Generative Models
"A general overview"
Jan 1,2021
Introduction
Generative models are a type of neural networks dedicated for generating new data point examples. This task goes beyond the traditional pattern caputring that we find in all Neural Networks to learning the underlying distribution. This type of neural networks are excellent in tasks that require filling the blanks in data; they learn the trend/probability distribution that these data follow and hence can generate the missing ones so that they follow the same probability distribution. The goal of such models is either to generate data (text, audio, image, video etc.) from scratch (Generating a new story, script for a TV show or even photos of faces) or to transform the data to conform to a specific target like denoising a given image. Once a generative model is fully trained, it can be used to create new data that’s indistinguishable from the training set data.

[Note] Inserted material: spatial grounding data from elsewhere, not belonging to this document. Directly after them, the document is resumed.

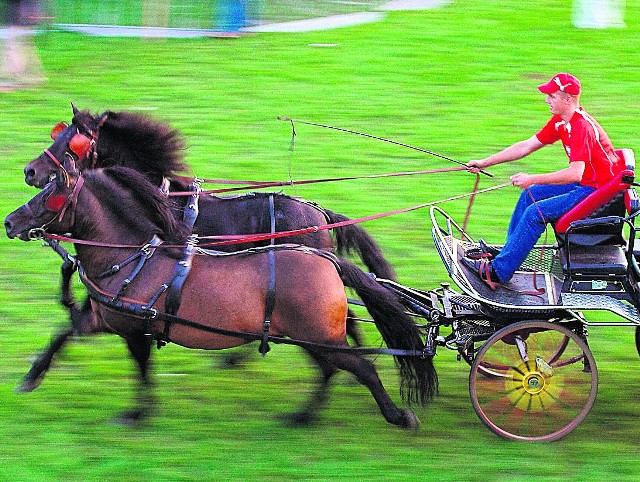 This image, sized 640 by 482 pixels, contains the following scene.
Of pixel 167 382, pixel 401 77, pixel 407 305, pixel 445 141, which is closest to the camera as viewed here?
pixel 407 305

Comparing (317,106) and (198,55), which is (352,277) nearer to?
(317,106)

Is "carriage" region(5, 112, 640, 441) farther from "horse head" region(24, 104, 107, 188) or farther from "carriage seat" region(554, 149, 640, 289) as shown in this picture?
"horse head" region(24, 104, 107, 188)

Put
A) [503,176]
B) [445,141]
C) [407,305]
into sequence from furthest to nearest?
[445,141]
[503,176]
[407,305]

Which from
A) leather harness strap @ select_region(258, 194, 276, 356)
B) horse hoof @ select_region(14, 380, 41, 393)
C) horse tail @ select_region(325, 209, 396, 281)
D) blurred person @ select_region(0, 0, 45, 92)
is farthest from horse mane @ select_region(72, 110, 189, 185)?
blurred person @ select_region(0, 0, 45, 92)

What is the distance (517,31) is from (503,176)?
4609mm

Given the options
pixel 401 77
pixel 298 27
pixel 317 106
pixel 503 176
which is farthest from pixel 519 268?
pixel 298 27

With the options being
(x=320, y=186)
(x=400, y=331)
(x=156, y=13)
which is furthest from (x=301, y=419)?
(x=156, y=13)

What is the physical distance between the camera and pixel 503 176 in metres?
9.63

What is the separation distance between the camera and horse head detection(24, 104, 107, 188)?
6008 mm

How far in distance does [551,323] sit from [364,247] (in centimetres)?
163

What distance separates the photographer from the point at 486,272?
570 cm

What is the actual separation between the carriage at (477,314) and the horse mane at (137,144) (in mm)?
668

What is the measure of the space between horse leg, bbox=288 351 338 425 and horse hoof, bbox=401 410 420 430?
0.49m

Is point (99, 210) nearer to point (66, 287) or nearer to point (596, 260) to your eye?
point (66, 287) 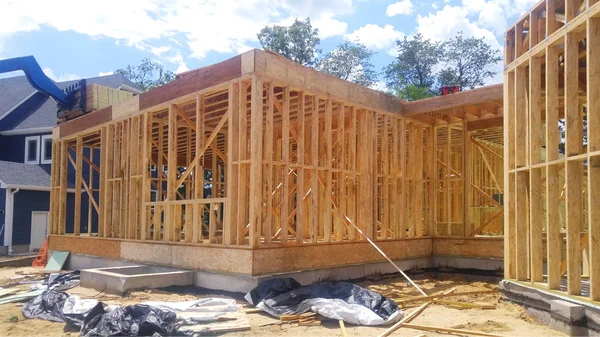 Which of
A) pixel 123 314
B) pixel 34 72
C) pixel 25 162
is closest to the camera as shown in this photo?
A: pixel 123 314

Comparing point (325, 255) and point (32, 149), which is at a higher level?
point (32, 149)

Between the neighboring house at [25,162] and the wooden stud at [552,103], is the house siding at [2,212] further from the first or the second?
the wooden stud at [552,103]

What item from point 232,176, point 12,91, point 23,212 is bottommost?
point 23,212

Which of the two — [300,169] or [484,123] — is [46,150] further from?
[484,123]

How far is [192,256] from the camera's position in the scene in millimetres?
10375

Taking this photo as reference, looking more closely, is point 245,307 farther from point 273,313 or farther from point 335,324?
point 335,324

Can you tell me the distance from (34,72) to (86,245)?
9.06m

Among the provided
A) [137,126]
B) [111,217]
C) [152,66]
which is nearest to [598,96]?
[137,126]

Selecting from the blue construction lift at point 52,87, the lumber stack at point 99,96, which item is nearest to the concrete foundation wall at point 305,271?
the lumber stack at point 99,96

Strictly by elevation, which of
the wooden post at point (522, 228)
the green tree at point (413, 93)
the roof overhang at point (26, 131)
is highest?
the green tree at point (413, 93)

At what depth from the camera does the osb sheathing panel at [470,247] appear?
1266cm

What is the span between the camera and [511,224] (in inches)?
339

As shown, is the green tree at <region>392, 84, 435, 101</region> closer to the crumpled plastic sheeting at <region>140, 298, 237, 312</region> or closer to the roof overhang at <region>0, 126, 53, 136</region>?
the roof overhang at <region>0, 126, 53, 136</region>

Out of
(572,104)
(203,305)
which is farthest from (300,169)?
(572,104)
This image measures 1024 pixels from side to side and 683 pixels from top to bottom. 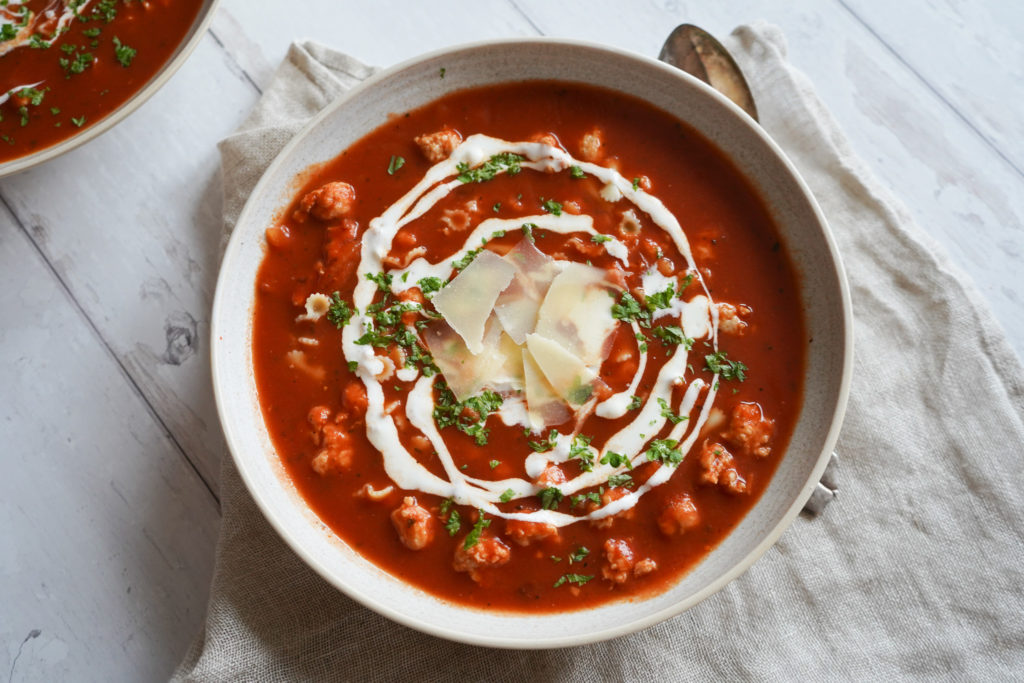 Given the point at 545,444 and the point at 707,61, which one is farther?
the point at 707,61

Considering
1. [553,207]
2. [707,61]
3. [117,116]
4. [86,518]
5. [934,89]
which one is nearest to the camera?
[553,207]

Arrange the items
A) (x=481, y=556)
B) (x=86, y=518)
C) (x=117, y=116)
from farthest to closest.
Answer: (x=86, y=518), (x=117, y=116), (x=481, y=556)

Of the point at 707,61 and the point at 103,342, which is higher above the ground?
the point at 707,61

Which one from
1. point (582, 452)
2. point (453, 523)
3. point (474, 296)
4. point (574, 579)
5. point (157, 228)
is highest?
point (474, 296)

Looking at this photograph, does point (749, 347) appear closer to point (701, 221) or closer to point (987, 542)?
point (701, 221)

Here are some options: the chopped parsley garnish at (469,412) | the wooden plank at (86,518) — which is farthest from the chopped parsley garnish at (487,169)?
the wooden plank at (86,518)

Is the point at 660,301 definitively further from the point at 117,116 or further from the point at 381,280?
the point at 117,116

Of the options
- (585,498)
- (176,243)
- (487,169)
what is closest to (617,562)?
(585,498) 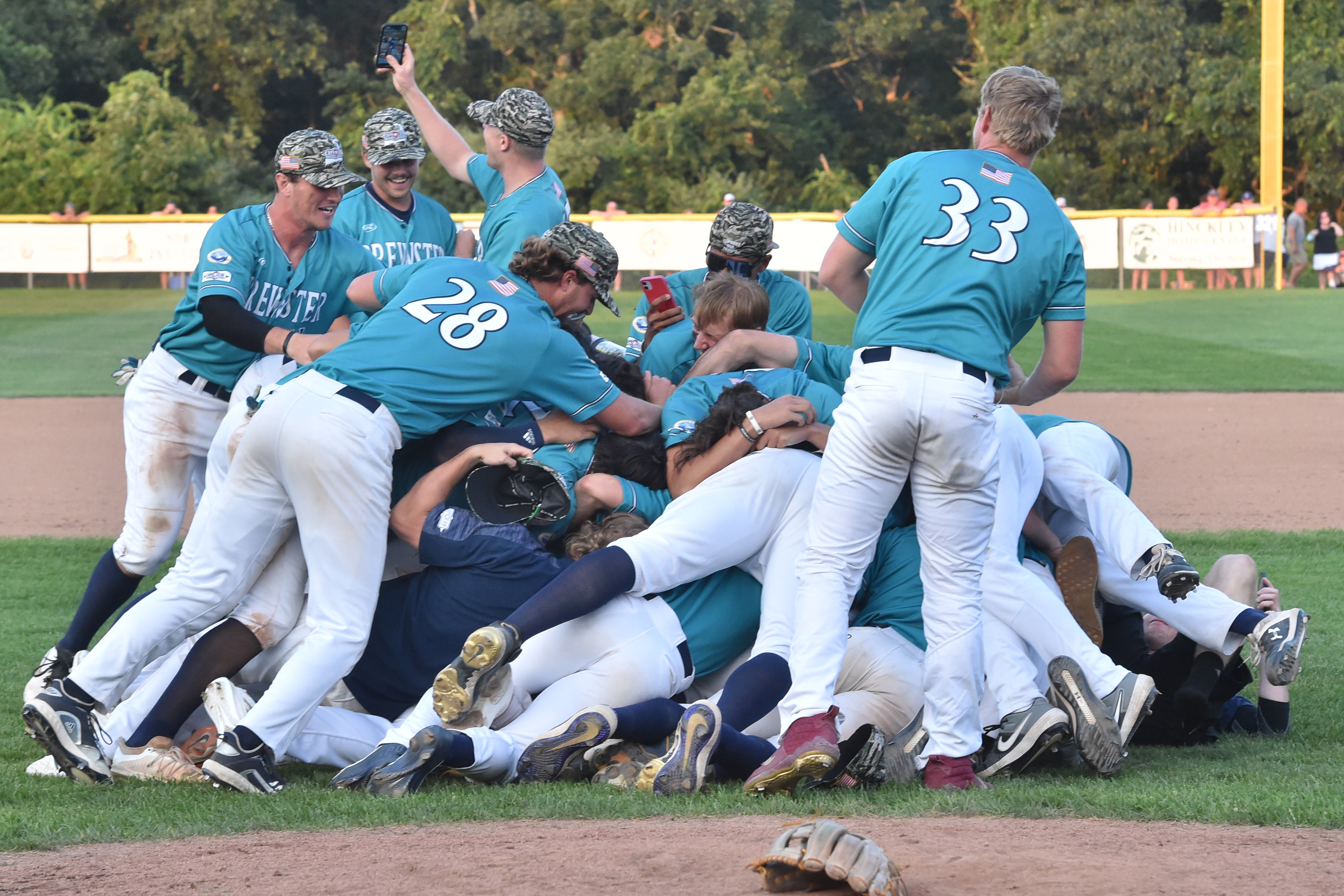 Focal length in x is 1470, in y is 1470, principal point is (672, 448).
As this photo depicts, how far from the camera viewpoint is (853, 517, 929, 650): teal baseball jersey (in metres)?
4.89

Types of Generative models
Generative models are able to model very complex high dimensional distributions in two ways:
Explicitly:
In an explicit estimation we know the model’s probabilistic distribution.This Density can have a close form and be solvable in a polynomial time (A.K.A tractable) like in PixelRNN[1]. In PixelRNNs a network is trained to model the conditional distribution of every individual pixel given previous pixels(to the left and to the top). This is similar to plugging the pixels of the image into a char-rnn, but the RNNs run both horizontally and vertically over the image instead of just a 1D sequence of characters. If the density doesn't have a close form (Intractable) we then need to approximate it.Variational AutoEncoders[2] approximate those intractable conditional distributions. It's a probabilistic graphical modeling where we are maximizing a lower bound on the log likelihood of the data.
Implicitly:
In this category the model learning process is based on a very strict penalty strategy known as Adversarial training presented in the earlier work of GoodFellow Generative Adversarial Networks[3].The training process for GANs is seen as as a game(Game Theory[4]) between two separate networks: a generator network to generate new items and a second discriminative network that tries to classify samples as either coming from the true distribution p(x) or the model distribution p̂(x). Every time the discriminator notices a difference between the two distributions the generator adjusts its parameters slightly to make it go away, until at the end (in theory) the generator exactly reproduces the true data distribution and the discriminator is guessing at random, unable to find a difference(This state is called the "Equilibrium Point" as described in Saliman's work[4]).
Between these two ?
Explicit estimation tend to result in very blurry results compared with the implicit density estimation. GANs give more accurate results compared to VAEs for eg. This is due to the penalty strategy, GANs are trained in a adversarial way which lead to the loss itself being competitive. The game theory behind the GANs enable them to target more tangible features in order to reach the equilibrium point. The main advantage of GANs over the other generative models in generating data is that they can be conditioned by different inputs. For example, you can learn the mapping between two domains : satellite images to google maps. Or you can teach the generator to reproduce several classes of data: generating the MNIST dataset. Autoencoders are more suitable for compressing data to lower dimensions or generating semantic vectors from it. Where GANs are more suitable for generating data.
Conclusion :
Generative models continue to be a subject of improuvement and current research item. This type of neural networks allow us to answer more vibrant questions like: what are the underlying features of a given dataset? Answers to this question can reveal biases within the data we use to train our models. Bias in data makes the fairness of any model questionable.Another cool use case would be in data compression as well if we learn to estimate the true distribution of a given dataset then we can regenerate bigger chunks/parts of data using less inputs. This first blog post serves as a global overview of what generative models are.